What is expected ::
What is needed is an exact copy of the lines in the listing below, from the one with "Cajarc selon Ternoise" up to and including the one with "VORWORT, / ach", with no other lines.

Source records ::
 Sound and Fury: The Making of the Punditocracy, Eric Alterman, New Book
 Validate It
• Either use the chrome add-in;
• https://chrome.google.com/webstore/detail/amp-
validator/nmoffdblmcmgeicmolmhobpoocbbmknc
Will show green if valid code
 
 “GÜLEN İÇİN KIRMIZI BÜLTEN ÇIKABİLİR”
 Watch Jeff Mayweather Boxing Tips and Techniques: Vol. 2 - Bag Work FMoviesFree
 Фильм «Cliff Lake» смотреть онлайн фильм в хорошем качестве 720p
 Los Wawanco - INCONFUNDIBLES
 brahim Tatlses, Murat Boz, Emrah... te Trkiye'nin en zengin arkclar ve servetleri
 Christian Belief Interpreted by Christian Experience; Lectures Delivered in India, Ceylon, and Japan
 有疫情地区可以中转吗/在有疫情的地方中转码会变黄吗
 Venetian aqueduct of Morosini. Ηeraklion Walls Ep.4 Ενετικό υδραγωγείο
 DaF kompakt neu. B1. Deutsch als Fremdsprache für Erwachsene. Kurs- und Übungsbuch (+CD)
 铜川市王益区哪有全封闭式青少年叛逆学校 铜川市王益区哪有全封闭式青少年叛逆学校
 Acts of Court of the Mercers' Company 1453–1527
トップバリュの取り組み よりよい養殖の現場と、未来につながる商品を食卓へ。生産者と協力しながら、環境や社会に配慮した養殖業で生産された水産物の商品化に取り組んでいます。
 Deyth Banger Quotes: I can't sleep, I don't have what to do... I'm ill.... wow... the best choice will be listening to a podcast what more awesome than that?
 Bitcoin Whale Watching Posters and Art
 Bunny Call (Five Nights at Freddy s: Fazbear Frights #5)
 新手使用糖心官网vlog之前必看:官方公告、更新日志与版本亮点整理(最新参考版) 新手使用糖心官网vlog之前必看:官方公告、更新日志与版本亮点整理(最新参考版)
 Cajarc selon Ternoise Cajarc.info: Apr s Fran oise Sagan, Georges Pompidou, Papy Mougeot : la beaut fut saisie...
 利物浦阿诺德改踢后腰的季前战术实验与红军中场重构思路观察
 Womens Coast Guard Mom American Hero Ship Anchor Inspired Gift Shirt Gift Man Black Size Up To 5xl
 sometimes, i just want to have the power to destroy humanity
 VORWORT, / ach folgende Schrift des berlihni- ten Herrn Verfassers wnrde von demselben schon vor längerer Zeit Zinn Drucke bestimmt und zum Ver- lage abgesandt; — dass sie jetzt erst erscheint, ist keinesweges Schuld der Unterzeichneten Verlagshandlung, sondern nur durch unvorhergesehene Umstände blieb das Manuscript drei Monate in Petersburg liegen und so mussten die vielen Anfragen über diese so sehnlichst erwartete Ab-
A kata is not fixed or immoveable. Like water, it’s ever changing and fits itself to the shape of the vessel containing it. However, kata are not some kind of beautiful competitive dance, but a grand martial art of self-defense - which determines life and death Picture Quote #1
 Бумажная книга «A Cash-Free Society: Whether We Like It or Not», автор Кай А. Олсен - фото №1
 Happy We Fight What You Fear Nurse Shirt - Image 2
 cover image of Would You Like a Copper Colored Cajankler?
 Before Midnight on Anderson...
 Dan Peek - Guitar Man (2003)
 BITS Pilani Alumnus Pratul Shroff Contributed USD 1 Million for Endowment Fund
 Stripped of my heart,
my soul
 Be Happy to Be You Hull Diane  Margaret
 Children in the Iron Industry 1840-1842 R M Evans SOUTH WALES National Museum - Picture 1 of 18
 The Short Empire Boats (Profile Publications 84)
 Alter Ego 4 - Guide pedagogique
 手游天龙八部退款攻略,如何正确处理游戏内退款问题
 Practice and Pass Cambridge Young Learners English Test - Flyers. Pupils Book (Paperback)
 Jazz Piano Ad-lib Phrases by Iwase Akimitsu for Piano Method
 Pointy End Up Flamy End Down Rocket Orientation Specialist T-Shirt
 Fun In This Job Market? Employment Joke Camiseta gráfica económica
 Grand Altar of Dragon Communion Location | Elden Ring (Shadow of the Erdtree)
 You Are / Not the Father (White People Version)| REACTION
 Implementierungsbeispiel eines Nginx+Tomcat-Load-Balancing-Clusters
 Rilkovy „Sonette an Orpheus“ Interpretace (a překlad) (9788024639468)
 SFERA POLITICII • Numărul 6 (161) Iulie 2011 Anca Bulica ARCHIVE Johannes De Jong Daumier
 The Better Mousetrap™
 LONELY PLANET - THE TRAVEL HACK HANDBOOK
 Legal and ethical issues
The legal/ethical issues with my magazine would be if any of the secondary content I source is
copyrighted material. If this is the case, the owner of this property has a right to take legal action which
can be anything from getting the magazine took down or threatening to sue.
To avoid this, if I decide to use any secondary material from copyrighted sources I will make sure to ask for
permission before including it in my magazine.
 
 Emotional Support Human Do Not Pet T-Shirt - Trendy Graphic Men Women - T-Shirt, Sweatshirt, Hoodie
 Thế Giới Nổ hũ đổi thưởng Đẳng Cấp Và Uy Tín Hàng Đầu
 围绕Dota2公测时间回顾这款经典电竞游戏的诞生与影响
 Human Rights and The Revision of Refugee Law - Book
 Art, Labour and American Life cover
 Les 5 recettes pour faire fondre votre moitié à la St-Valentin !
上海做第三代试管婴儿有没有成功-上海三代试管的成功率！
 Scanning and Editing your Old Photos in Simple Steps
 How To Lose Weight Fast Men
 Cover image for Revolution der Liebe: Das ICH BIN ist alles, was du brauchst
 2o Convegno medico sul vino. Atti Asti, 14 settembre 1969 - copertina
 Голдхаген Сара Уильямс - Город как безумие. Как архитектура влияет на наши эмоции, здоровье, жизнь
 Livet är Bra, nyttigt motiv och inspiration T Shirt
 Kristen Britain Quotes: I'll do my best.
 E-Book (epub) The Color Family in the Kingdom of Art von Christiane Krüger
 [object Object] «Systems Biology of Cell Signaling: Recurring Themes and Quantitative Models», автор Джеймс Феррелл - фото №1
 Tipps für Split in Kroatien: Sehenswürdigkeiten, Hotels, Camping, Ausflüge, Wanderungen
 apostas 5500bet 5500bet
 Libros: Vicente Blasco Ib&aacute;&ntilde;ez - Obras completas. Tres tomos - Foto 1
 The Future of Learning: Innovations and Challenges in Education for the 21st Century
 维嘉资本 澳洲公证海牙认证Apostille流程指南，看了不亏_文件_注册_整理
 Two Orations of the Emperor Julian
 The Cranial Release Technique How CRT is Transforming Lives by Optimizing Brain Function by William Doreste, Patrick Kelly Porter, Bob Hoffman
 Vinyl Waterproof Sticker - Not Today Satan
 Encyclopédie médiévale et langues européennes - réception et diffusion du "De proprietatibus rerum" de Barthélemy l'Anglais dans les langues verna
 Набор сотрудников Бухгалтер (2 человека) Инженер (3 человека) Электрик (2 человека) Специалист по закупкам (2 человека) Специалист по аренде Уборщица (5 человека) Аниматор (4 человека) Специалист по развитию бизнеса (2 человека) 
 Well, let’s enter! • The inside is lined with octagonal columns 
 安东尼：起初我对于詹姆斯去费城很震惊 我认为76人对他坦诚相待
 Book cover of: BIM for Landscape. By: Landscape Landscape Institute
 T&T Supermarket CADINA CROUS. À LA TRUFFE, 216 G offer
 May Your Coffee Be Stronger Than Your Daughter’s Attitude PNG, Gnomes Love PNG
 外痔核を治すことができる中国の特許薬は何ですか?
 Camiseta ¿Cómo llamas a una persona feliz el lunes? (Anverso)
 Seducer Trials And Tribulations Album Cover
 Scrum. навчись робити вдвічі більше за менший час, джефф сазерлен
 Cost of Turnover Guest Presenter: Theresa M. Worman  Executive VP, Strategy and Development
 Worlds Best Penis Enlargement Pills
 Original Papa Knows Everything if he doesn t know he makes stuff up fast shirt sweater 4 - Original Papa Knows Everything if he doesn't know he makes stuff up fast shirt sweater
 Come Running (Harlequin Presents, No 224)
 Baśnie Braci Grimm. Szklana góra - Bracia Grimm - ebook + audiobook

Result of this task ::
 Cajarc selon Ternoise Cajarc.info: Apr s Fran oise Sagan, Georges Pompidou, Papy Mougeot : la beaut fut saisie...
 利物浦阿诺德改踢后腰的季前战术实验与红军中场重构思路观察
 Womens Coast Guard Mom American Hero Ship Anchor Inspired Gift Shirt Gift Man Black Size Up To 5xl
 sometimes, i just want to have the power to destroy humanity
 VORWORT, / ach folgende Schrift des berlihni- ten Herrn Verfassers wnrde von demselben schon vor längerer Zeit Zinn Drucke bestimmt und zum Ver- lage abgesandt; — dass sie jetzt erst erscheint, ist keinesweges Schuld der Unterzeichneten Verlagshandlung, sondern nur durch unvorhergesehene Umstände blieb das Manuscript drei Monate in Petersburg liegen und so mussten die vielen Anfragen über diese so sehnlichst erwartete Ab-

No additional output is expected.